By Berry Craig
NKyTribune columnist
George D. Prentice, sharp-penned Civil War editor of the Louisville Journal, was not an Abraham Lincoln fan.
Even so, he was all in for the president’s “day of Thanksgiving and Praise to our beneficent Father who dwelleth in the Heavens,” Nov. 26, 1863.
“The spectacle of a whole nation at one instant of time pouring forth its united thankfulness to the Creator of all good is one at which even the angels rejoice,” declared an unsigned Thanksgiving day editorial that Prentice almost certainly wrote.
The editor’s white stone statue outside the Louisville Free Public Library downtown is a local landmark. Like most Kentuckians, Prentice was a conservative unionist who opposed secession but did not share Lincoln’s anti-slavery views.
Nonetheless, he praised the president’s Thanksgiving proclamation, which Secretary of State William H. Seward evidently wrote for Lincoln.
The Thanksgiving tradition dates to 1621, when Pilgrims and Native Americans feasted in Plymouth, Mass. After 1863, Thanksgiving grew into an annual national holiday.

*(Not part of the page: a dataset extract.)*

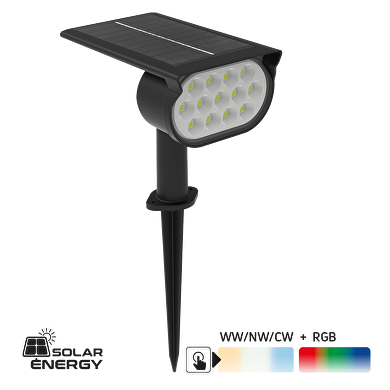 Соларно LED осветителено тяло за градина/стена CCT+RGB, 90°, IP65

Prentice and other pro-Union Kentuckians were thankful that their side was finally winning the war in November, 1863. But the death toll was still rising on both sides.
“…There are widowed hearts all over the land; there are orphans’ tears; there are sighs of sisters bereft; and groans of childless parents; the sombre dresses which indicate sad hearts, meet us everywhere,” the editorial reminded Journal readers.
George and Harriett Prentice were grieving parents. The war claimed their oldest son at age 25. In September, 1862, Courtland Prentice was mortally wounded in the battle of Augusta, Ky.—fighting for the Confederacy.
The war sharply split the Prentices and many other Kentucky families. George made the Journal the state’s most important Union paper. Harriett was a Southern sympathizer, which must have made for some interesting pillow talk.
Clarence, Courtland’s kid brother, also joined his father’s foes. The Yankees captured and released him, and he survived America’s most lethal conflict.
The Journal editorial regretted that the people “cannot, as in years agone, be thankful for the blessings of peace.” Prentice, or whoever penned it, blamed the war on “bad men” -– meaning Southern secessionists and Northern abolitionists — who “to attain their own selfish ends, have ‘let slip the dogs of war.’” Consequently, “brother stands arrayed against brother, and the son thirsts for the father’s blood.”
Though they were Rebel officers, the Prentice siblings evidently were not estranged from their father. The Journal published Courtland’s obituary; Prentice wrote a poem mourning the loss of his son.
While “the hand of Heaven’s chastisement is heavy upon us,” God’s “judgment is still tempered with mercy,” according to the Journal. “Though the red blood of our purest and best tinges the glad streams and colors the fallen November leaves that lie along their borders; though the rattle of musketry, the whizzing of shell, and the roar of cannon, have taken the place of the babbling brooks, the rustling leaves, and the sighing winds; though man, in defiant pride, seems eager to destroy God’s own work, yet still ‘the one sure wind blows on above.’”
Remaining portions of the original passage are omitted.